Dalam proses ekspansi budaya ini, kita pun memerlukan metode penyebaran yang
tepat. Meski pun kita telah melakukan industrialisasi batik, namun permintaan batik di
luar negeri tidak akan serta merta melonjak karena pasar harus tertarik lebih dulu
dengan produk batik. Lalu bagaimana kita akan mempromosikan begitu banyak budaya
kita kepada pasar luar negeri? Bahkan untuk memperkenalkannya saja sudah sulit.
Menurut Turner (1984), budaya pop dan media massa memiliki hubungan simbiotik di
mana keduanya saling tergantung dalam sebuah kolaborasi yang sangat kuat.

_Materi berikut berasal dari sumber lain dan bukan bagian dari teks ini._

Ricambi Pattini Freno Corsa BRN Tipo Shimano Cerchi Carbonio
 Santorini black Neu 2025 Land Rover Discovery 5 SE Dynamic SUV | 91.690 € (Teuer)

Kepopuleran suatu budaya sangat bergantung pada seberapa jauh media massa gencar
mengkampanyekannya. Begitu pula media massa hidup dengan cara mengekspos
budaya-budaya yang sedang dan akan populer. Maka kita harus memprioritaskan terlebih
dahulu produk-produk budaya yang berkaitan dengan komunikasi massa. Saya memilih
industri film sebagai langkah awal ekspansi budaya secara serius. Film yang saya maksud
meliputi film layar lebar dan sinetron di televisi. Format audio visual memungkinkan film
untuk menarik perhatian lebih besar, menjadikannya efektif dalam komunikasi massa.
Alur cerita akan memudahkan para penonton untuk menangkap maksud film dengan cara
yang menyenangkan, sementara film juga mudah disisipi pesan-pesan sampingan yang
tidak begitu disadari seperti iklan dan propaganda.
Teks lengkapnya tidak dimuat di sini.